Team 3Thirty

Inspire Direction and Purpose: NSW Government Capability Guide

In this guide
INSPIRE DIRECTION PURPOSE - Team 3Thirty NSW Government job advice

This capability is about helping people understand where they are going, why it matters, and what success looks like.

It is leadership through clarity, alignment and recognition. Panels are usually looking for signs that you can connect work to purpose in a way that helps other people stay focused and engaged, especially when the work is pressured or changing.

That is why this capability usually needs a STAR-style example rather than a claim about being an inspiring leader. If you need a refresher on the structure, go back to our STAR Method Examples for NSW Government Applications.

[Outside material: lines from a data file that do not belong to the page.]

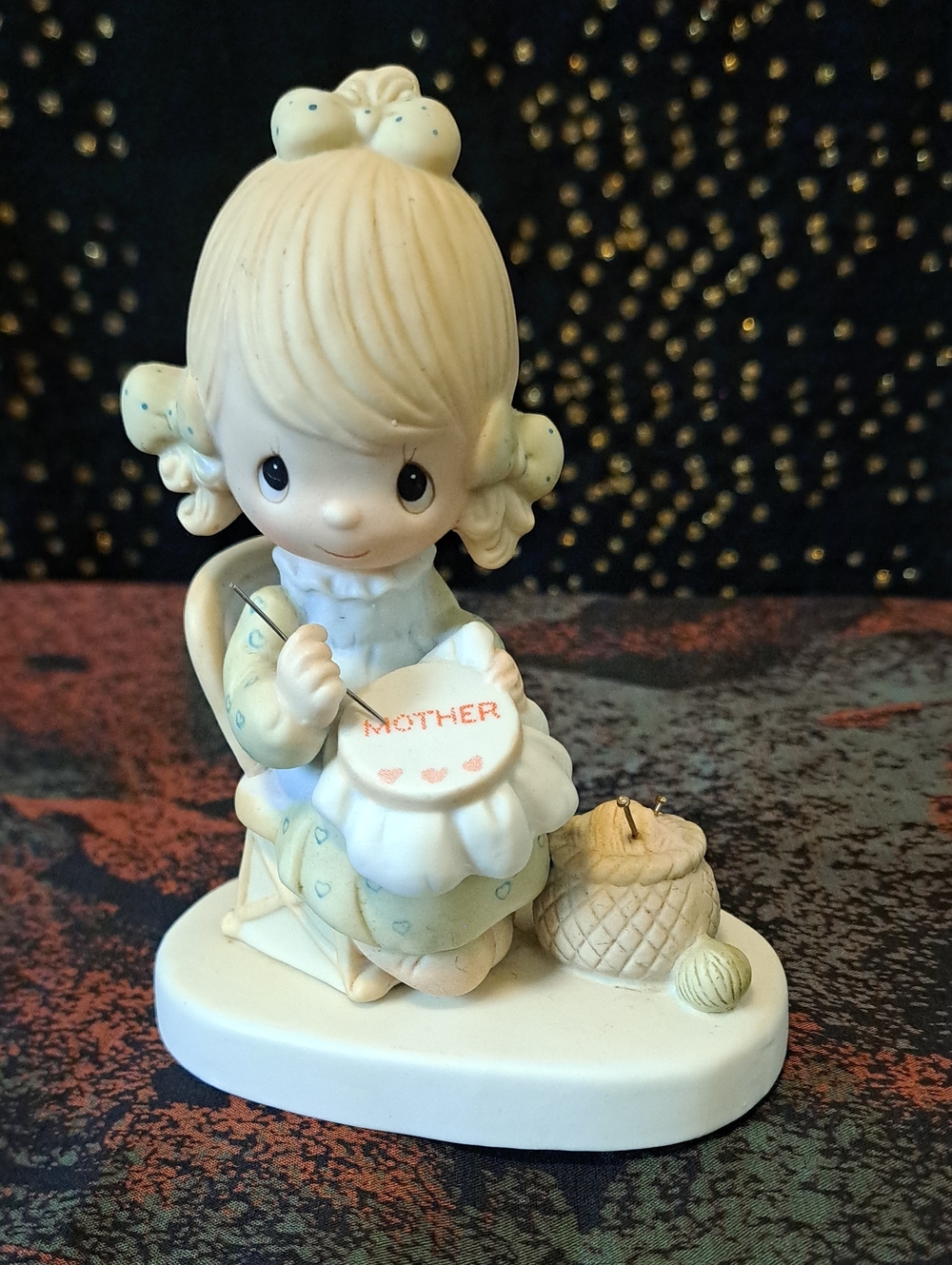 Vintage Precious Moments Figurine - "Mother Sew Dear" (E-3106)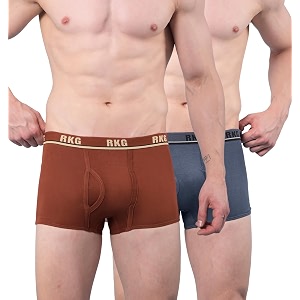 RKG Mens Cotton Trunks Soft Breathable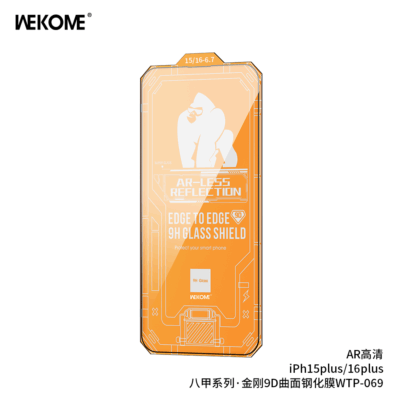 Kính Cường Lực WEKOME WTP-069 Kingkong, Phủ AR Chống Lóa, Lọc Ánh Sáng, Full Màn Hình - <p dir="ltr" data-pm-slice="1 1 []">Kính cường lực WEKOME <strong>WTP-069</strong> Kingkong, siêu mỏng 0.4mm, full màn hình, phủ AR chống lóa, lọc ánh sáng xanh, chống vân tay, dầu, nước. Độ cứng 9H, bảo vệ màn hình khỏi va đập, trầy xước. Khung tự dán, dán dễ, cảm ứng mượt. Lý tưởng cho iPhone, hiển thị sắc nét, thẩm mỹ cao.</p>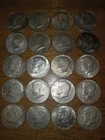 Lot of 20 Kennedy Half Dollar, 1965 to 1969, 40% Silver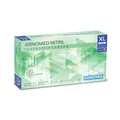 Arnowa GmbH ARNOMED Nitril Peppermint Green Einmalhandschuhe, puderfrei, grün, Reißfeste Nitrilhandschuhe mit rollbaren Rand, 1 Packung = 100 Stück, Größe XL 386-XL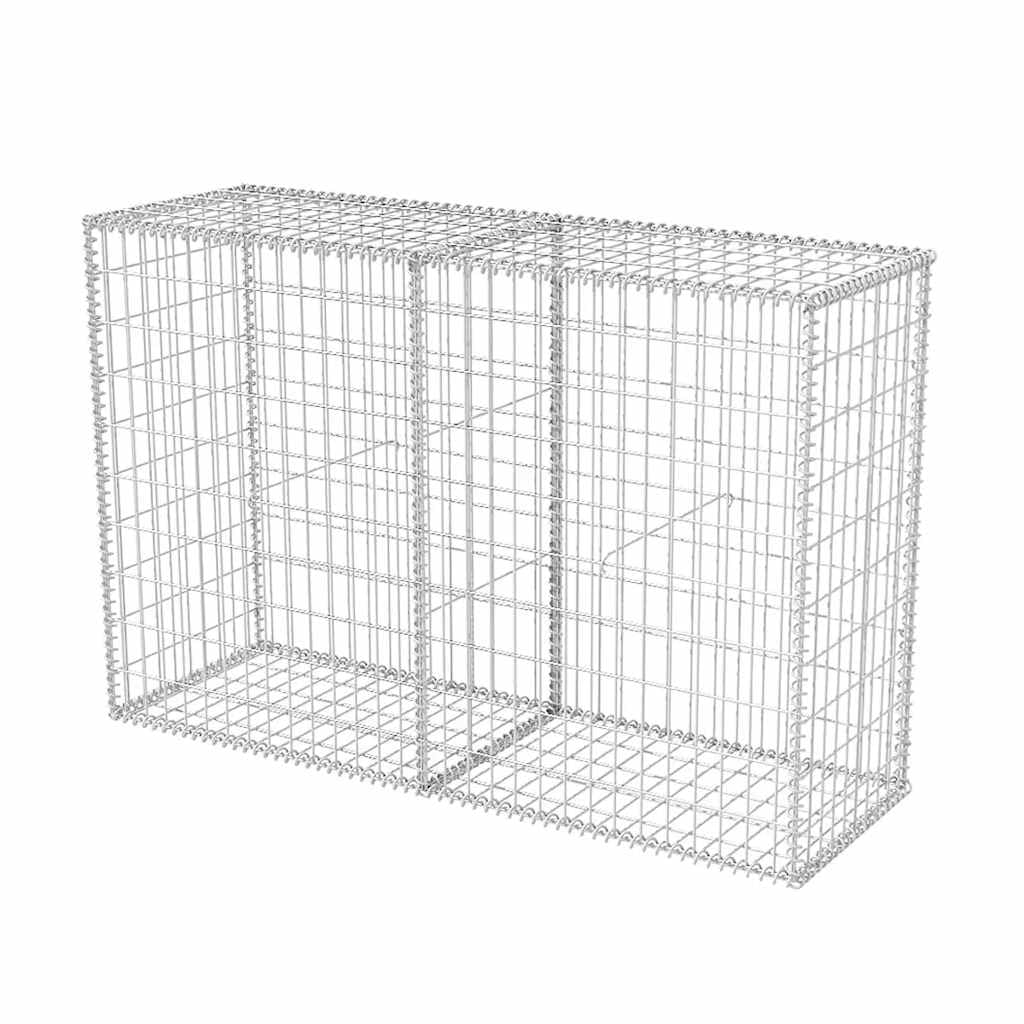 Mobili,Gabbione Cestino Acciaio Zincato 150x50x100 cm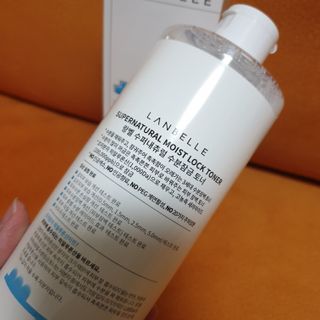 랑벨 수퍼내츄럴 수분잠금 토너 500ml (수분, 보습, 피부장벽 토너) — 5점을 준 리뷰어가 2022년 4월 올린 사용 사진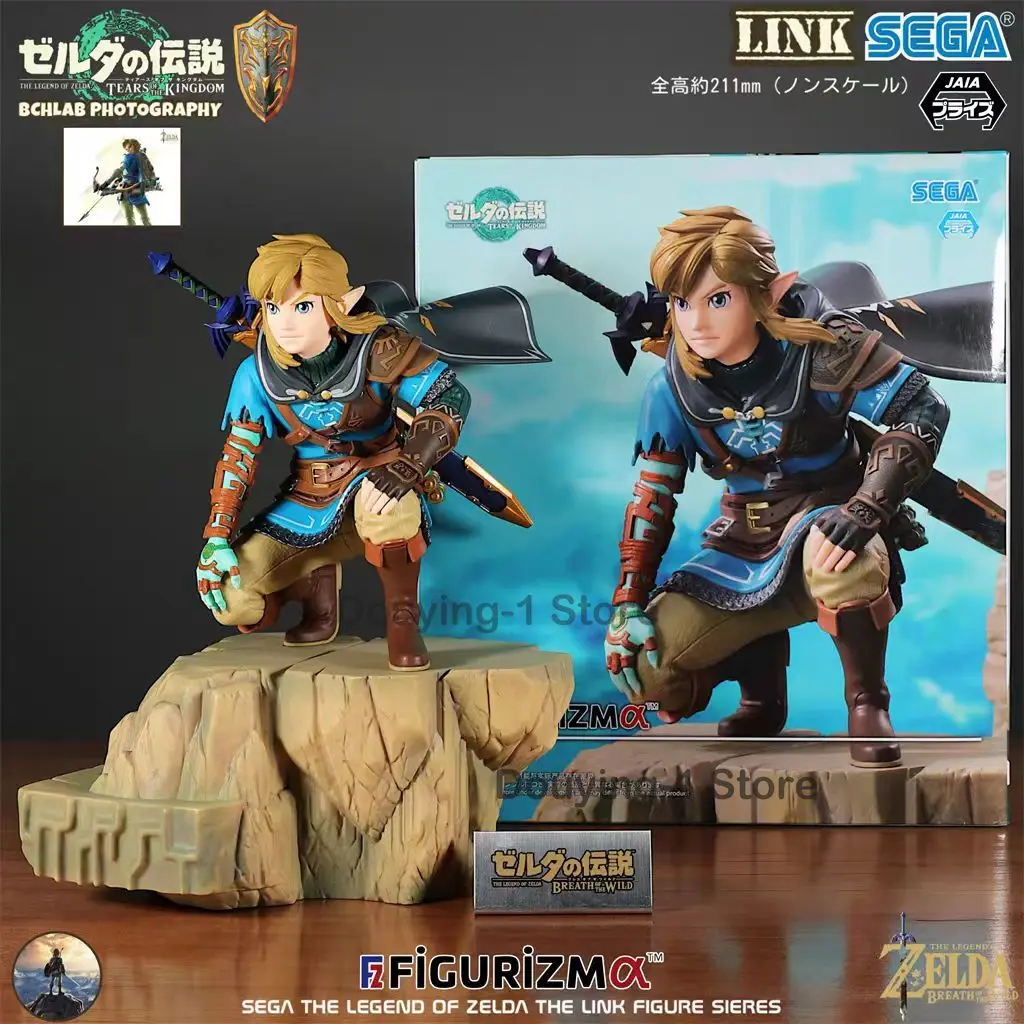 

BANDAI SEGA LINK The Legend of Zelda: Tears of the Kingdom Anime Action Collection Figures Model Toys Figura Gift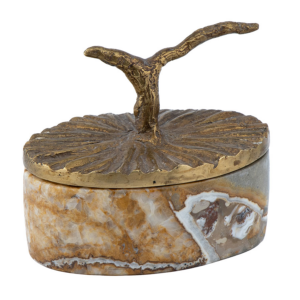 BOITE MARBRE  ALMECAR OVALE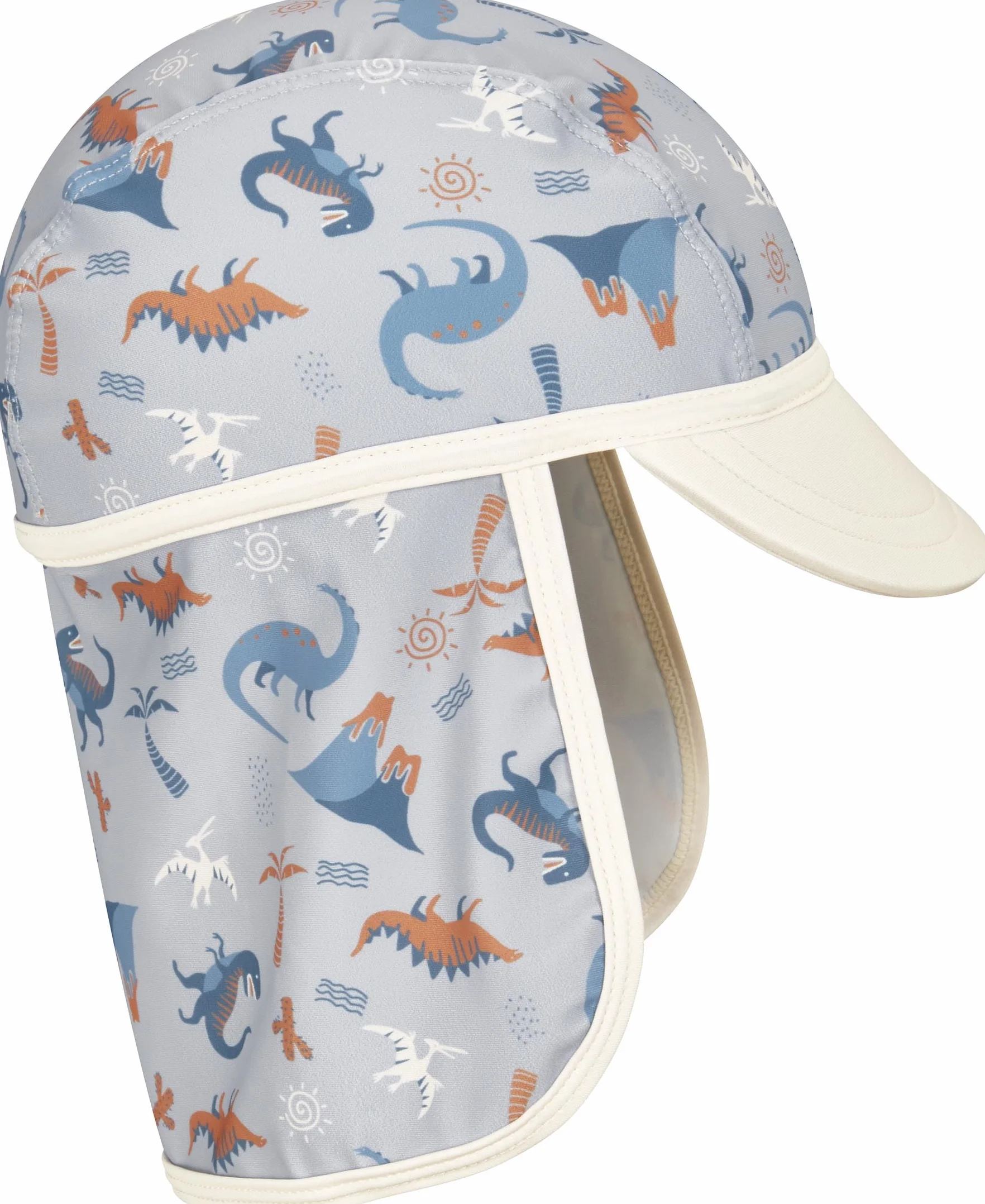 Playshoes Czapka chroniąca przed promieniowaniem UV, Dino Allover, 49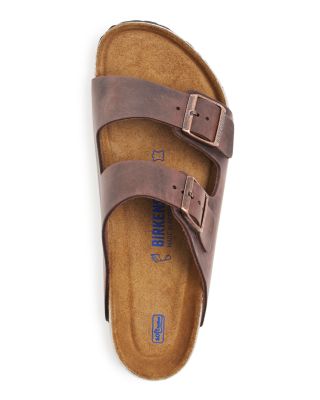 Men&#39;s Arizona Slide Sandals in Dark Brown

What changes across the levels

  • Foundational: helps team members understand organisational direction
  • Intermediate: communicates goals and priorities more clearly in day-to-day leadership
  • Adept: builds shared purpose and keeps people aligned through competing demands
  • Advanced: communicates vision credibly across broader groups and sustains commitment
  • Highly Advanced: shapes organisational purpose and inspires others at scale

How to build a stronger example

Strong examples often involve:

  • clarifying priorities
  • connecting work to a larger purpose
  • recognising contribution
  • keeping people aligned during change or pressure

Example paragraph: Intermediate

In a team leader role, I made sure staff understood how their day-to-day work connected to broader team priorities. A common issue was that people were busy, but not always clear on which work mattered most at a given time. My task was to create more alignment around priorities. I used regular updates to clarify what mattered most, reinforced expected outcomes, and recognised contributions when work was done well. That helped create better alignment and improved consistency in the team’s effort.

Example paragraph: Adept

While leading a work area through a demanding period, I focused on making priorities clear and helping people see why certain work needed to come first. The challenge was that staff were under pressure and could easily have become focused only on task volume. My task was to keep people connected to the bigger purpose as well as the immediate priorities. I communicated the direction consistently, kept staff updated as circumstances changed, and recognised progress along the way. That helped maintain engagement and kept the team focused on the outcome rather than just the pressure.

Example paragraph: Advanced

In a senior leadership role, I communicated direction across a broader group with different functions and pressures. The task was to create enough shared purpose that people could stay aligned despite different operational realities. I made the purpose of the work clear, connected operational priorities to the bigger picture, and reinforced achievement in a way that built commitment rather than fatigue. That helped maintain focus and morale through a more complex period of delivery.

Final advice

This capability is not about sounding inspirational in a vague way.

It is about making direction clear enough that people can act on it.